Saeb Erekat, Airbnb and BDS

Since there exists no Palestinian state, then there is no “occupied Palestinian state,” or “occupied Palestinian territory,” as claimed by Erekat.

Chief Palestinian negotiator Saeb Erekat (photo credit: REUTERS)
Chief Palestinian negotiator Saeb Erekat
(photo credit: REUTERS)
Palestinian chief negotiator, propagandist and PLO Secretary General Saeb Erekat, in recent tweets and statements, has been celebrating a decision by the “Airbnb” international home-renting company, to remove listings of vacation apartments in Israel’s West Bank towns, villages and settlements, that the company considers to be “at the core of the dispute between Israelis and Palestinians.”
The Airbnb decision is premised on a January 2016 letter sent by Erekat, in the name of “The State of Palestine,” to the CEO of Airbnb condemning “illegal colonization of Palestine” and the promoting of house rentals “in illegal settlements in the occupied State of Palestine.”
Erekat’s oft-repeated and tedious propaganda in this, as well as other issues related to the Israeli-Palestinian relationship, is based on flawed, slanted and highly partisan determinations, exaggerations and lies. All these in fact belie his own deep involvement in negotiating the Oslo Accords with Israel.
Erekat should know better than to distort facts, law and history, thereby manipulating Airbnb and other companies and bodies into involving themselves in issues to which they have no connection and cannot, in any way, contribute positively.
To the contrary, in allowing itself to be manipulated by Erekat, Airbnb is prejudicing a large basis of customer support among Jews, Christians and Moslems all of whom work together in the very areas which Airbnb is now boycotting. In fact, the homes being used in the West Bank that are now being boycotted by Airbnb, are a subject for ongoing negotiation under the Oslo Agreements.

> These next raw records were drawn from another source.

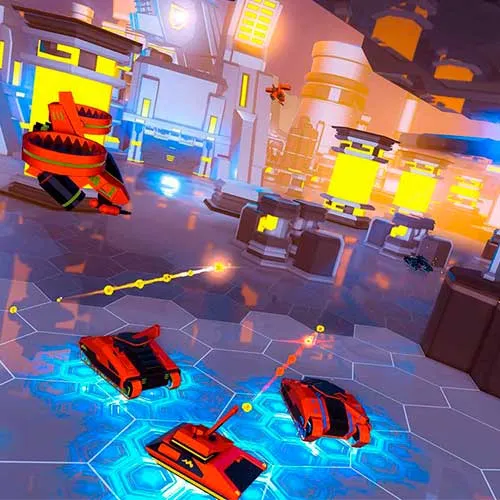 Battlezone Edición Oro (clave para PC Steam / Global)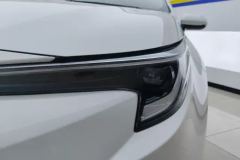 2023 Toyota Levin 2023 1.2T AT 185T CVTLuxury #5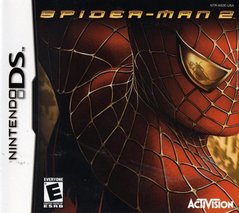 Spiderman 2 - Nintendo DS | Galactic Gamez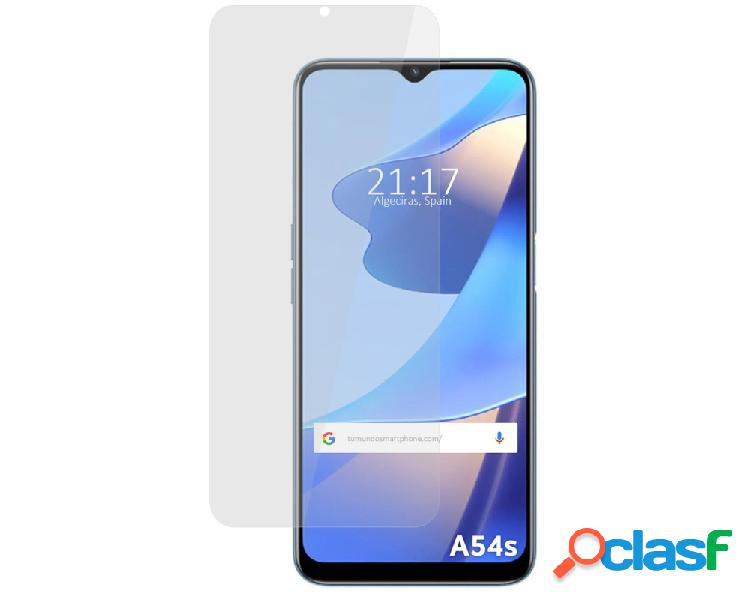 Película hidrogel Mate Antihuellas para Oppo A54s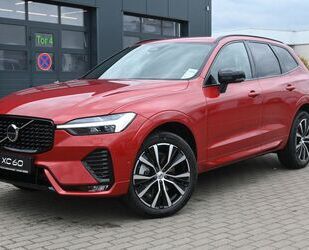 Volvo XC60 Gebrauchtwagen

But above all, Airbnb has rendered itself politically motivated and involved in a most partisan manner, singling out Israel only, supporting and sanctioning an openly hostile movement that is intent on causing economic and cultural damage to Israel, and aligning itself with hostile organizations and groups supporting acts of violence and terror against Israel.
Rather than expending such tireless and negative efforts at trying to undermine Israel and its leadership in every possible forum and at every possible opportunity, one might have expected that Erekat, the Palestinian chief negotiator and PLO secretary general, would better devote his efforts to encouraging and leading his people to peaceful coexistence both among themselves and with Israel.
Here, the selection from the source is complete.